With the PILOT expected to bring in approximately $1.6 million if approved by voters, the City Council is considering how best to use the funds.
Around $450,000-$500,000 is needed just to maintain the existing level of city services, according to City Manager Doug Friend.
"That's the shortfall in our budget," said Mayor Phil Boyer. "That's what is needed to continue all the services that are being offered right now."
The city's maintenance, insurance and staffing costs are going up as the city acquires additional city buildings like the new fire station and Clinton community building and additional equipment, Friend said, in addition to regular increases in the cost of doing business.
Having a fully-staffed Department of Public Safety for the first time in years has had a major effect on the city's budget, according to Friend.
Budgeted positions remaining vacant in previous years meant additional money for the city that is no longer there, but a stronger police presence in the city is a direct response to citizen requests, noted Councilmember Sue Rogers.
Friend said having officers in the schools through the D.A.R.E. and School Resource Officer programs as well as more officers on the streets as shows of DPS manpower have proven effective in making the city a safer place to live, and the addition of two narcotic detectives has kept the pressure on area drug dealers. And while the Department of Public Safety is showing results, "there's still a lot to do," Friend said.

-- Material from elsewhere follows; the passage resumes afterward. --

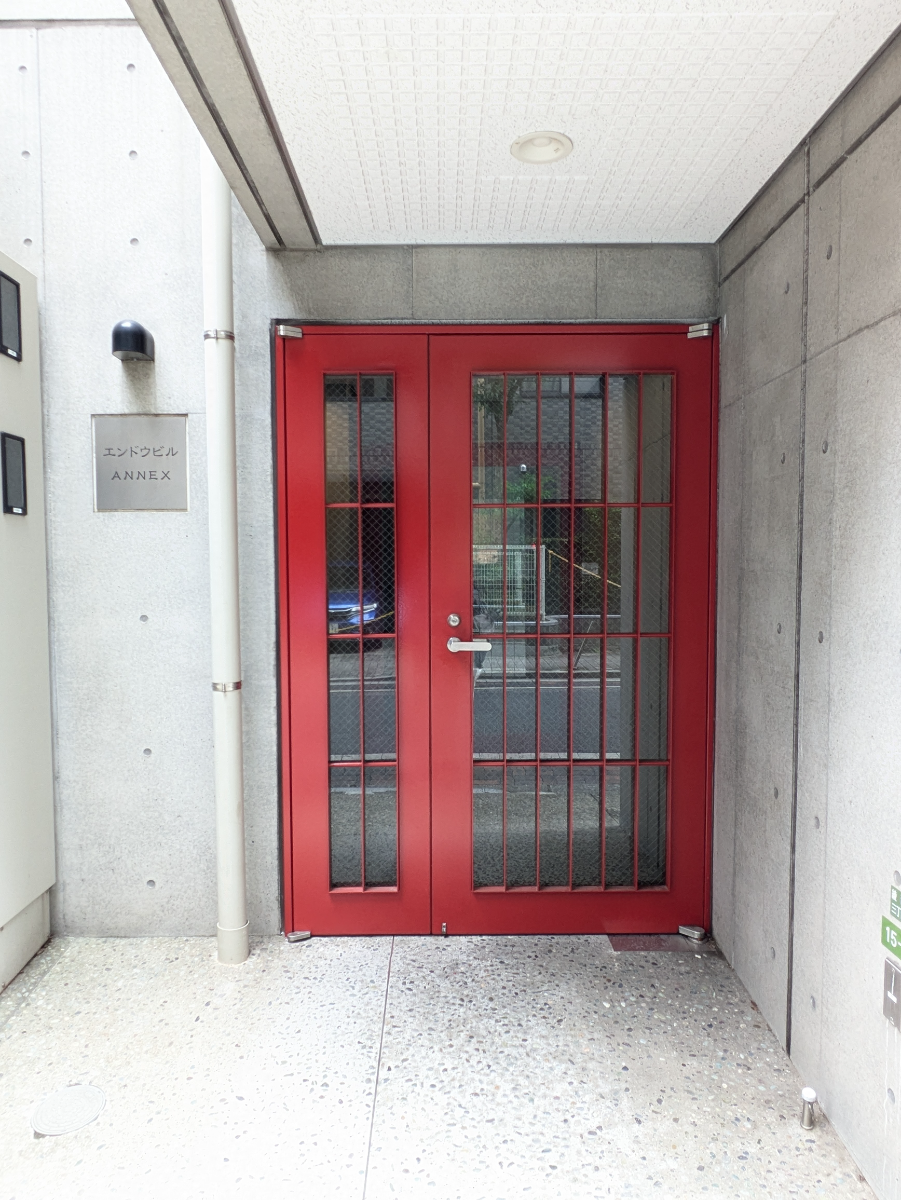 v20260928122115/fresh/building/J00100419109_13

Friend noted that while city has been able to maintain the merit pay program, which applies to only a few employees, there was no across-the-board cost-of-living pay increase last year.
DPS currently has competitive salaries, Friend said: "We're not training officers for other agencies to come and take away." Without yearly cost-of-living increases, however, it won't take long to fall behind again.
Another major expense to be funded with PILOT money is to get the Land Clearance for Redevelopment Authority up and running, according to city officials.
The city's consultants have advised as much as $1 million may be needed to start the LCRA, but city officials believe an aggressive program can be initiated with $500,000 in seed money to address demolition and legal expenses associated with clearing properties for redevelopment.
Before the LCRA was approved by voters, the city was spending roughly $50,000 annually clearing properties, but without a LCRA things moved very slowly.
The city's past efforts so far are already paying off, however. Boyer cited as an example the new development of 14 lots at the Indian Hills subdivision. "We hadn't seen any progress, anything done out there, in 15 years," Boyer said. "So what we're doing is working."
Although a list of projects with a total estimated cost of about $15 million was compiled at one time by past councils, city officials have declined to identify a firm list of projects to be funded by PILOT money due to concerns citizens opposing the PILOT entirely based on their opposition to one particular project.
Speaking on his own behalf, Boyer said he believes the city very much needs a jail and new headquarters for the Department of Public Safety.
Councilman Jerry Pullen said for his part, he believes the DPS also needs a new fire station on North Main, and said the reconstruction of Wakefield and associated drainage problems would easily cost $1 million.
Boyer said he would also like to see the "Ts" removed from Ingram so the street's north and south ends meet at Malone, making Ingram a more effective north-south artery for the city. Officials estimated this may cost about $1.2 million.
Extending County Line Road west to meet with Ingram and make it an additional east-west route was also mentioned by officials as a needed project.
Pullen said the airport is in dire need of improvements and maintenance as well. Boyer agreed, and said the improvements could easily cost $500,000 but are important as the airport is often the first thing industry representatives visiting Sikeston see.
Boyer said one idea is for the council to address several of these projects at one time with a $5 million-$6 million bond issue, using some of the PILOT money to satisfy bond payments. "There's a lot of projects that the citizens demand and deserve," he said.
Friend said money from the PILOT could also be used to accelerate projects listed on the city's five-year Capital Improvement Plan such as lighting replacements at the Complex, parks improvements, new soccer fields, field improvements and associated drainage issues, fencing, playground equipment and construction of restrooms and other facilities at city parks.